Jesus Sanjosé-Orduna

Jesus Sanjose-Orduna
Credit: Courtesy of Jesus Sanjose-Orduna.
Jesus Sanjose-Orduna

Graduate student at the Institute of Chemical Research of Catalonia


Education: BSc, organic chemistry, 2014, and MS, organic chemistry, 2015, University of Barcelona

Research: Gaining a fundamental understanding of cobalt-catalyzed C–H transformations to develop more innovative and efficient catalytic processes through rational design

Advice for others: “There is one particular ability that usually is forgotten during your undergraduate studies: the ability to lose. Life is full of rejection, and doing research is being committed to fail continuously. I would tell people that are thinking about entering graduate school to not be afraid of failing, and start embracing it. Every failure gets you closer to success!”

Koichi Sasaki

Koichi Sasaki
Credit: Courtesy of Koichi Sasaki.
Koichi Sasaki

Graduate student at Kyushu University

Education: BS, engineering, 2015, and MS, engineering, 2017, Kyushu University

Research: Investigating the efficacy of antibody and cytokine cancer immunotherapies

Career goals: “My dream is to be a principal investigator who gives positive influence on all lab members as well as society.”

Tracy Schloemer

Tracy Schloemer
Credit: Courtesy of Tracy Schloemer.
Tracy Schloemer

Graduate student at the Colorado School of Mines

Education: BS, chemistry, 2009, and MA, educational studies, 2010, University of Michigan, Ann Arbor

Research: Advancing charge-transport material development for the realization of highly stable and efficient perovskite solar cells

Advice for others: “The culture of the research group is extremely important. As a graduate student, you will spend a tremendous amount of your time with your lab mates. When you visit a lab, ask yourself whether people look like they’re enjoying their work. Working with kind, generous, and intelligent people has made graduate school really great for me, especially when my science doesn’t work as anticipated, so I recommend you look for the same kind of supportive environment.”

Dannie van Osch

Dannie van Osch
Credit: Annabel Romijn
Dannie van Osch

Postdoc at Eindhoven University of Technology Education: MSc, chemical engineering and chemistry, 2014, and PhD, chemistry, 2018, Eindhoven University of Technology

Research: Exploring sustainable chemistry for research on spinning disc reactors, microfluidic devices, visible-light photocatalysis, sustainable solvents, and crude lignin oil

Advice for others: “There will always be people who will tell you that you are not good enough or that you will fail. Don’t listen to them, but show them better.
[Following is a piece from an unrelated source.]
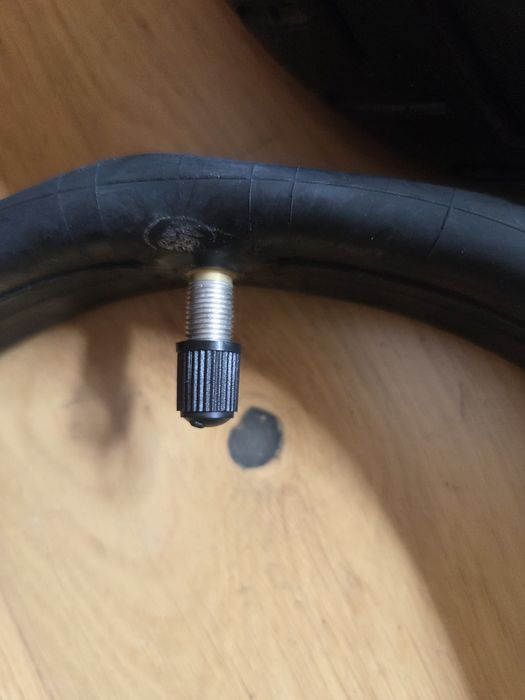 Opona i detka CST do hulajnogi elektrycznej 8,5 x2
Work harder than you ever have and show them that you are good at what you do; prove them wrong!”

Paulette Vincent-Ruz

Paulette Vincent-Ruz
Credit: Courtesy of Paulette Vincent-Ruz.
Paulette Vincent-Ruz

Postdoc at the University of Pittsburgh

Education: BS, chemical engineering, National Autonomous University of Mexico; PhD, learning sciences and policy, University of Pittsburgh

Research: Understanding the systemic disadvantages that hinder the success of minoritized students

Career goals: “I want to focus my research on improving the environment of chemistry learning for marginalized populations. We often talk about this in terms of sex and race, but we really need to acknowledge that students with different gender identities, disabilities, and sexualities experience learning and belonging in our classroom in different ways.”

Liang Zhang

Liang Zhang
Credit: Courtesy of Liang Zhang.
Liang Zhang

Postdoc at the University of Manchester

Education: BSc and MSc, chemistry, Fudan University, 2015; PhD, chemistry, University of Manchester, 2019

Research: Synthesizing topologically complex molecules

Career goals: “As a scientist, I would like to make contributions to the science, tackling the critical problems in both fundamental chemistry questions and practical problems. As a supervisor, the most wanted thing in my career would be to pass my knowledge and experiences to young students and help them to reach a better situation in their life, of course, [and] support them with my strongest manner.”